Last week I told you about how we got into the cul-de-sac where the ‘mafutamingi’ mentality has driven our development agenda. This is your corner of the world where beer is sipped by straw, and success is still determined by the size of your belly. What got us into this state of affairs cannot get us out. We must start thinking out of the box and here are three ‘little’ anecdotes that can help us to get back on the right track.
First and foremost we must have a mind set change. We need a paradigm shift to realize that development is an all-encompassing process. It is not just about putting up buildings. Daniel Kalinaki, in referring to the Two Rivers project in Nairobi was alluding to the fact that development must take into account all stakeholders, the long-term implications of the development projects, and the environmental implications of those developments.

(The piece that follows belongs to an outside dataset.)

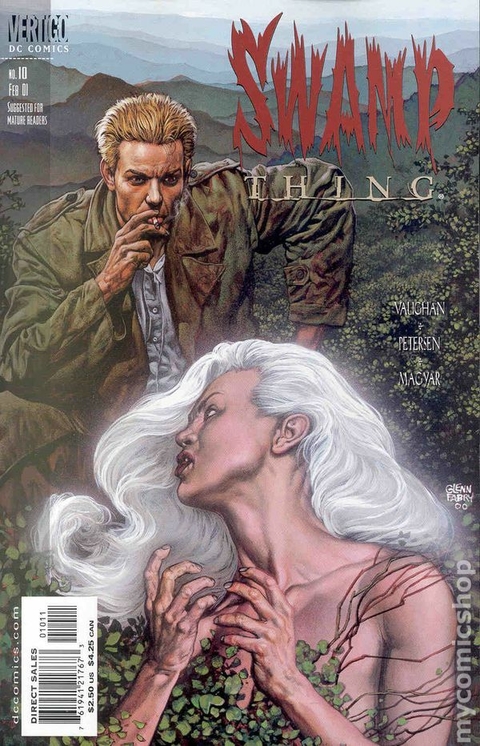 Swamp Thing (2000 3rd Series) #10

Others have railed against those who stand in the way of new projects like the redevelopment of Nakivubo War Memorial Stadium. Their view is that once there is an idea to put up a building, we naysayers should not stand in the way of that development. Otherwise we would still have a marsh at Lugogo, and no Garden City or Oasis Mall! What they forget, in presenting this argument, is the history of these national assets. Do they know that the Trustees of Nakivubo Stadium are not the owners? Or does what happened to Fort Lugard in Old Kampala make for national pride?
Development is not just a matter of finding open spaces and handing them out to fly by night developers. It is not just a matter of building monstrosities like some of the malls in downtown Kampala. In any case, does Kampala look better because the open spaces have been occupied? Actually it is worse for the wear. It does not breathe, and presents serious health and safety risks in its current state. It takes a mindset to understand that there must be master plan and we ought to work according to it.

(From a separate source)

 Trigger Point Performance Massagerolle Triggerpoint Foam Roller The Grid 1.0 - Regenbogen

Second, if we are to move towards that desired middle-income status, we equally do need an administrative system that works to spur progress. We cannot afford to live in a state of legal limbo and standoffs. How do we put in place a system that enables us to resolve misunderstandings in an expeditious and timely manner without resorting to courts each time we have a disagreement? Such failure to expeditiously resolve conflict means property rights are always at risk and that is a disincentive to investment.
Take the long drawn out search for a Vice Chancellor for Kyambogo. Maybe I don’t understand the importance of being a Vice Chancellor, but how can a Council of wise men fail to fill a vacancy for more than a year? It cannot be ineptitude. Rather it is a system of public administration rules and procedures bequeathed by colonialism that do not work any more. How come there is no crisis finding a president for Harvard University which is a billion dollar venture? A system of archaic rules and procedures that paralyses institutions cannot lead us to middle income status.

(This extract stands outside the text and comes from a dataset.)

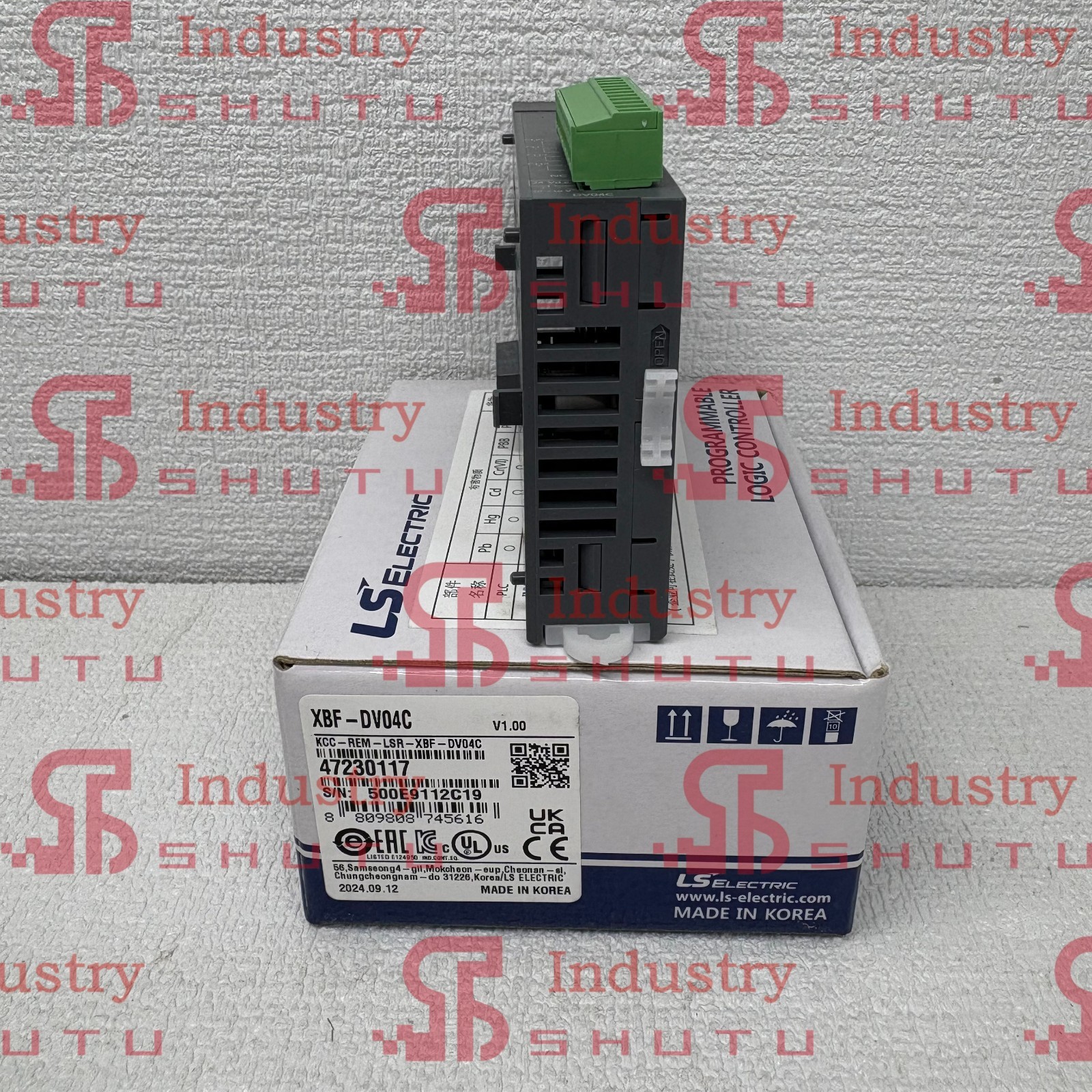 1pcs LS XBF-DV04C PLC module IN BOX Quality Guarantee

My third anecdote is rather obvious; incomes in the hands of Ugandans. You can’t have middle-income status if the natives do not have money in their pockets. They must have a means to earn money and then go and spend it so that the fabled ‘middle income’ status becomes a reality. So where are the investments and mechanisms that we are putting in place to address the flow of incomes that will make us middle-income status? Building infrastructure on its own just won’t do it. The local economy badly needs a shot in the arm. Unless we think middle-income status is just a statistical average.
Professor Samuel Sejjaaka is Country Team Leader, Abacus Business School.